Der Sinn des Lebens

  1. Der Sinn des Lebens eines Menschen ist das Streben nach Verwirklichung der ganz persönlichen, eigenen Antwort auf die Fragen „Was ist der Mensch?“ und „Wer bin ich?“. Mit fortschreitender Persönlichkeits- und Erkenntnisentwicklung kann sich die eigene Antwort im Laufe des Lebens verändern.

  2. Sinn haben ist Ergebnis einer geistigen Leistung des Sinn-Gebens. Die Welt an und für sich ist ohne Sinn. Er liegt nicht in ihr, und kann nicht in ihr aufgefunden werden.

  3. Nur Entsprechendes ist sinnvoll. Der Sinn des Lebens eines Individuums ist das ihm Entsprechende. Was ihm nicht entspricht, nicht zu ihm passt, nicht ihm gemäß ist, kann für es nicht als sinnvoll und sinnhaft gelten.

  4. Was und wer das Individuum selbst ist, weiß oder vollzieht es intuitiv und praktisch im eigenen Lebensvollzug oder durch theoretische Selbsterkenntnis und dementsprechende, aufgeklärte Verwirklichung seines Selbst.

  5. Menschen sind je einzigartige, fühlende und denkende Exemplare einer biologischen und kulturschaffenden Gattung. Der Sinn des Lebens eines Menschen kann daher immer nur individuell sein, wobei dieser Sinn aber auch eine Schnittmenge mit Gattungscharakteristika und Persönlichkeitstypen bilden wird.
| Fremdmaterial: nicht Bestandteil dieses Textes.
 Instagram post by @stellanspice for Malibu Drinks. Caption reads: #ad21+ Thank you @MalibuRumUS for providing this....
  6. Sinnantworten werden zwischen den Polen persönlich – sozial/familiär, weltlich – spirituell und materiell – ideel liegen. Ein sich aufopfernder Lebensretter, ein maßloser Egoist, glückliche Eltern oder selbst ein zum Prophetendienst untauglicher Prophet Moses sind Beispiele von Sinnfülle. Präferenz und Fokus sind subjektiv. Sie harmonieren, konkurrieren oder kollidieren mit sozialen Erwartungen.

  7. Sinnfrage und Ethik haben insofern miteinander zu tun, als ethische Neigungen und Erwägungen zum Menschsein – individuell ausgeprägt – hinzu gehören.
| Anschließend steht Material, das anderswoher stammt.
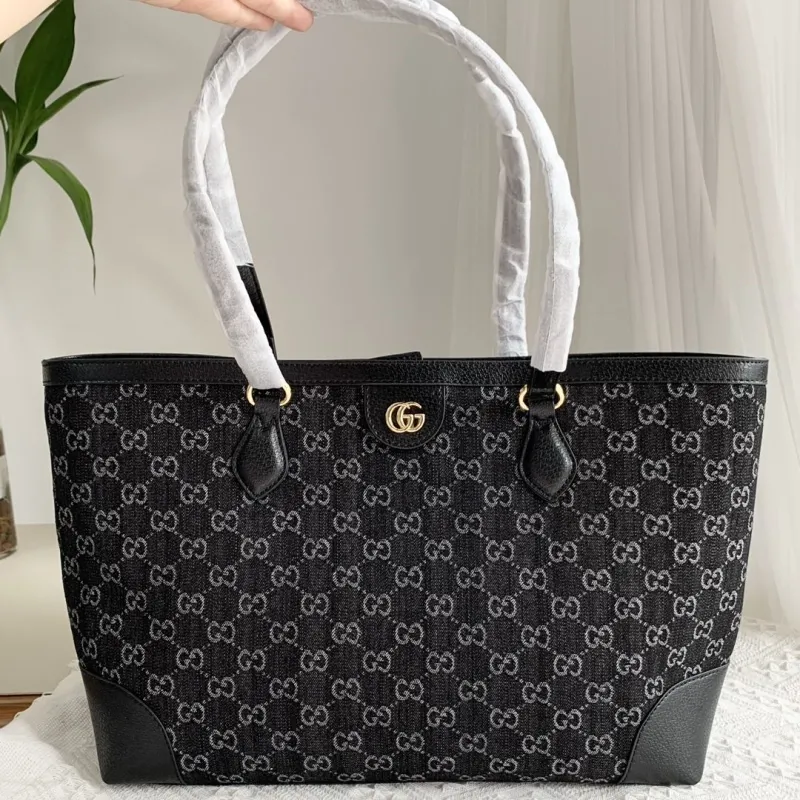 Gucci Shopping Bags-74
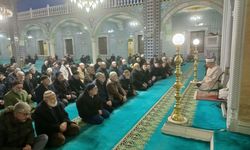 Yenibosna Mevlana Camii’nde sabah namazı buluşması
  8. Sinnfrage und Freiheit haben insofern miteinander zu tun, als die Sinnverwirklichung des Einen die Sinnverwirklichung des Anderen einschränken oder unmöglich machen kann. Es gehört dann zum Lebenssinn des – und der – Anderen, gegen eine solche Beschränkung zu kämpfen.

  9. Sinnfrage und Glaube haben insofern miteinander zu tun, als es vorstellbar wäre, dass eine übernatürliche Kraft oder Wesenheit Einfluss auf die Menschheit und/oder auf individuelle Menschen ausübe. Sinnfrage und Glaube bedingen einander nicht, schließen einander aber auch nicht aus.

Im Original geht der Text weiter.